# Data supplied
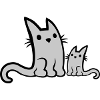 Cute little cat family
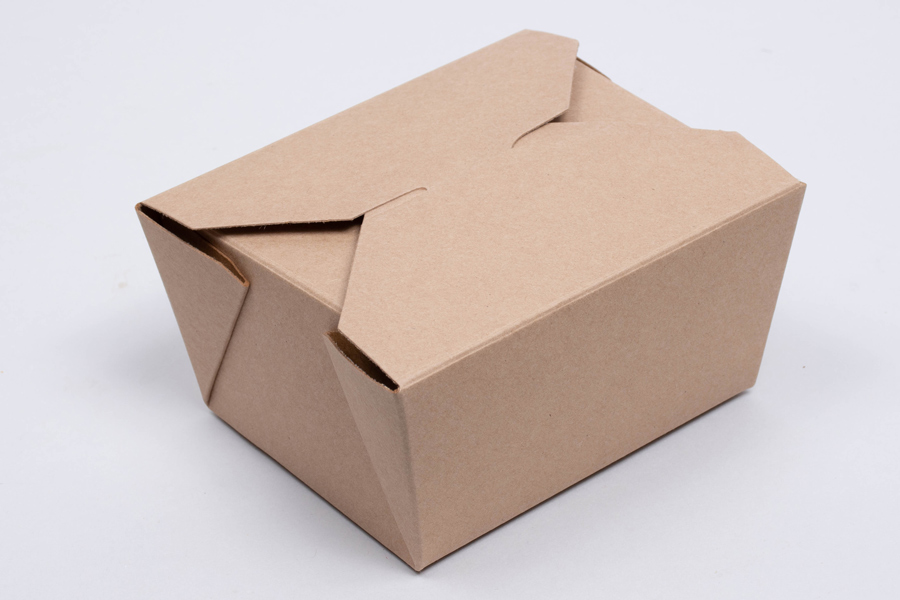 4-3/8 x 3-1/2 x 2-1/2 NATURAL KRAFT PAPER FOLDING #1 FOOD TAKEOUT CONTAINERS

---

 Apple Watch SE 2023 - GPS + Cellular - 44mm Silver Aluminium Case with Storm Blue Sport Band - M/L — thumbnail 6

# Exercise prompt
In the listing above, find the line containing "Cute little cat family". Output it and every line after it up to and including the line containing "4-3/8 x 3-1/2", exactly, but skip the pictures.

# Final answer
 Cute little cat family
 4-3/8 x 3-1/2 x 2-1/2 NATURAL KRAFT PAPER FOLDING #1 FOOD TAKEOUT CONTAINERS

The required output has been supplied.